> **Stored data**:
===============

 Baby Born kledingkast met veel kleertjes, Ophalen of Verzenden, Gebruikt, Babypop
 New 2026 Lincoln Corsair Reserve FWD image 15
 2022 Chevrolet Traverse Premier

===============

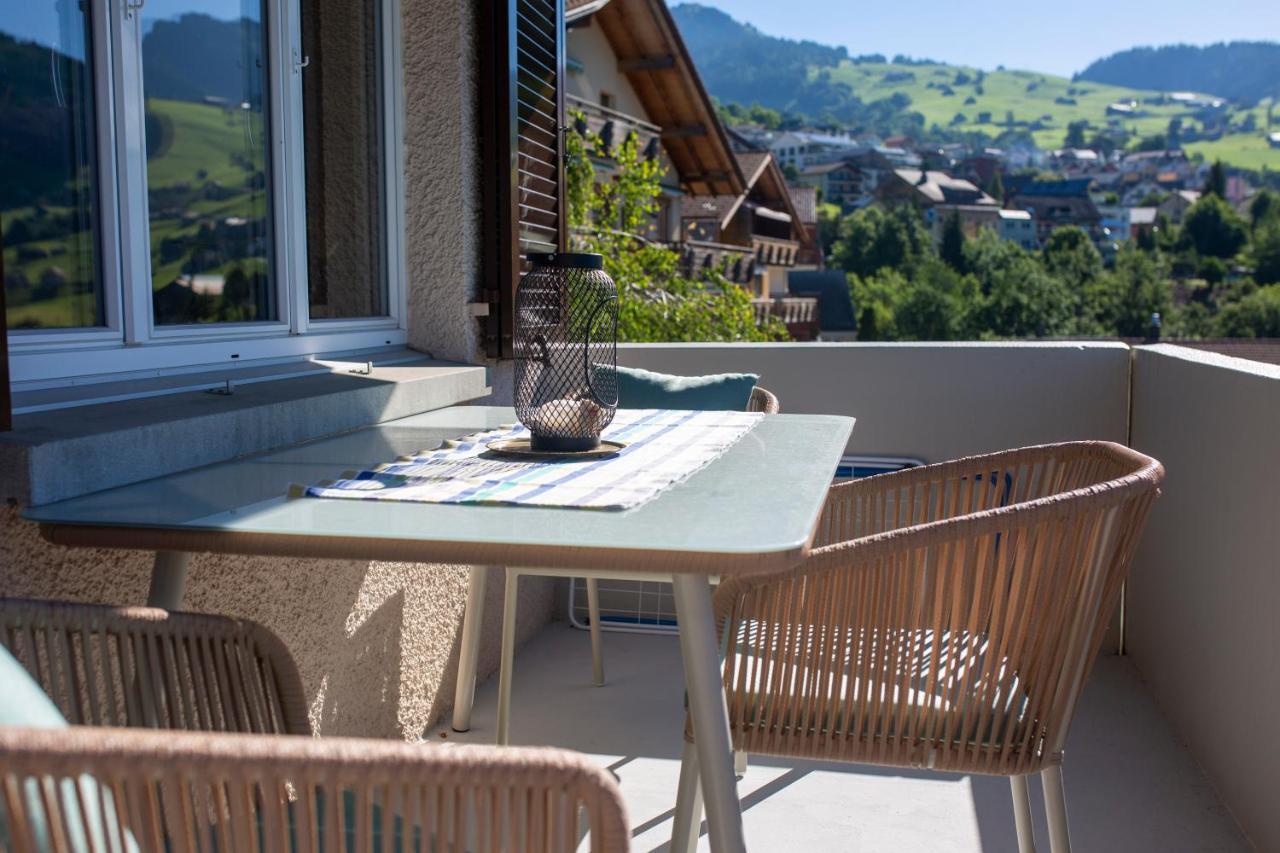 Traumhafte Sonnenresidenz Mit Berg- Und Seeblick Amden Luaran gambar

===============

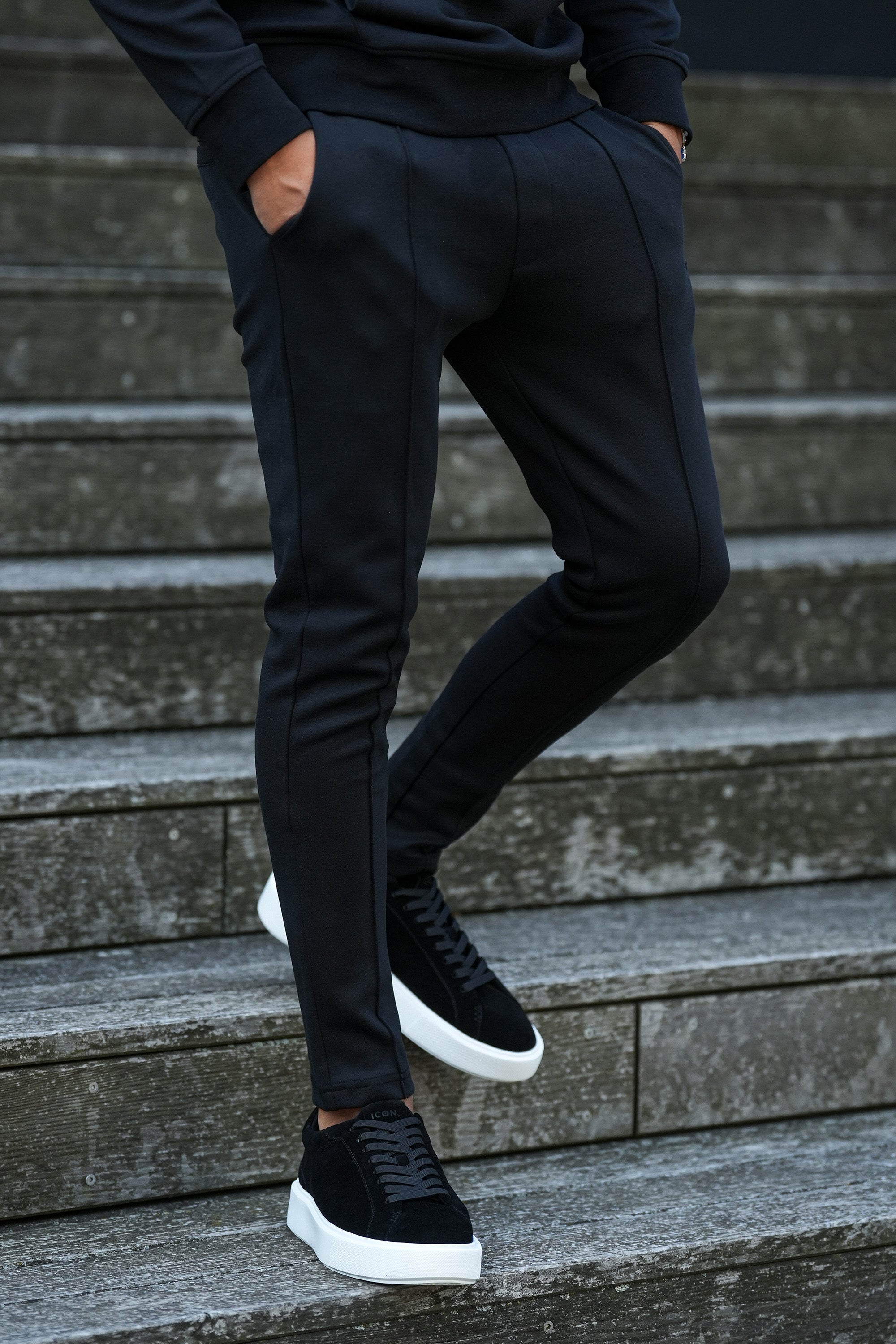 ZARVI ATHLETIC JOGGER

===============

> **Problem statement**: Your answer should be the exact lines above from the one with "Baby Born kledingkast" through the one with "2022 Chevrolet Traverse Premier", both included, and nothing besides.

> **Answer to this problem**:
 Baby Born kledingkast met veel kleertjes, Ophalen of Verzenden, Gebruikt, Babypop
 New 2026 Lincoln Corsair Reserve FWD image 15
 2022 Chevrolet Traverse Premier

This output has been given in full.